Aim to get something working for your situation. From there, you can start to see what are the current gaps in the initial solution. As your knowledge of data structures deepens, you will start seeing patterns of which one is better suited for the given problem space. Try to be as pragmatic as you can while maintaining high-quality code. This implies:

  • Making sure that the name of the function/method is easy to understand.
  • Documenting the portions of the algorithm that are harder to understand.
  • Making sure you have validated your arguments against edge-cases before manipulating them.
  • Having at least one test for your function/method. The more you have, the better it will be to validate that it works as expected.
  • Avoiding magic values in your implementations. Figure out a constant name that vehicles the intent behind the value. Make sure others understand the context surrounding your code.

Although flexible, List<T> will not always be the correct collection to use

Data structures are a core component in your career that will help you to continuously improve. You will always be expected to understand how things work under the hood. You are required to understand deeply the code and the systems that you are either designing or maintaining. Focusing on that early on can make a world of difference between an algorithm that continuously runs fast or slow. As a developer, you want to avoid implementing systems that cannot seem to handle larger inputs due to poor implementations.

Modern languages like C# make it painless for the developer of today to write poorly-thought code. Somehow, it is not alarming to develop software with only a List<T> as a data collection to hold your data in your program. Why is that a bad thing to do? That is an excellent question to ask, especially if your development environment is not alerting you that you could probably do better (more on that at the end of the post).
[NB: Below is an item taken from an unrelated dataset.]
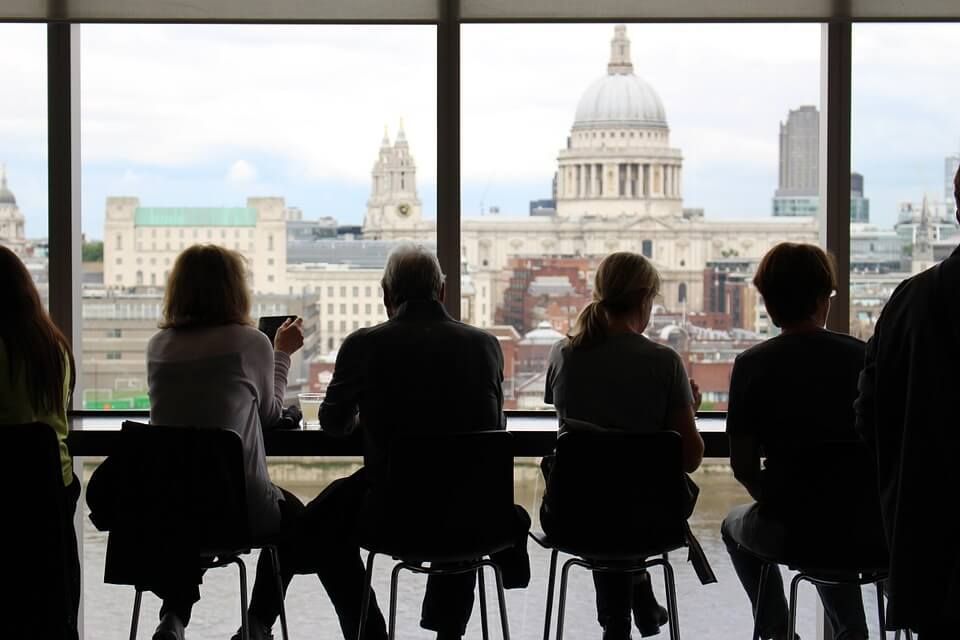 A group of people are sitting in front of a window looking out at a city.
List<T>, or rather, dynamic arrays and arrays in general, have many different applications in the software world. In the wild, there are many more data structures than just arrays. Your software design skills would benefit from learning about the options that are made available to you. Like anything in this world, there is no such thing as a free lunch. Every data structure that you will encounter will have its strengths and shortcomings. It will be up to you, the software developer, to understand them thoroughly and know when you get to use them.
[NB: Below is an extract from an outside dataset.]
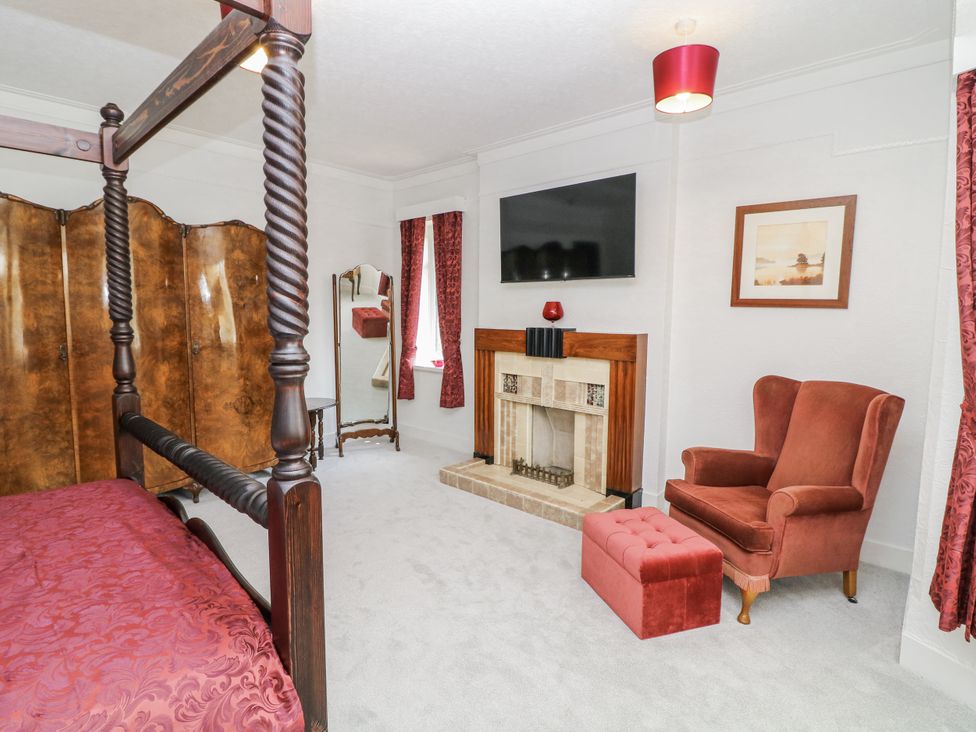 A bedroom with a fireplace and a television at Bentfield House in Rotherham near Whiston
Without going into the specifics, let’s talk quickly of a situation where you would choose a dynamic array over an array. For instance, you are trying to build a todo list application. As the developer, you know it would be a bad design to limit the number of tasks that an end-user could want to organize in their planning. It would be a much better design to let them decide when to add and remove an item. In the case of an array, you need to allocate them a fixed length. For your situation, if your user tries to add one item on their list, it could break your application. .NET makes it easier for developers in these situations with the List<T>. You can keep adding more items to that data collection without concerning yourself about the size limitations. 

Capacity != size

There is something you should be careful about when you are using a dynamic array in C#. It is easy, too much for my taste, to initialize an empty list and then carry on with adding data to it until you are done. Do you truly understand what happens underneath while you’re adding data? Maybe not. A List<T> in C# is nothing magical. Behind the curtains, there is an array with a fixed-size. Usually, it will start with a capacity of four items. This means that your collection can add up to 4 items and stay quite fast. The issue starts when you hit the maximum capacity of your data collection.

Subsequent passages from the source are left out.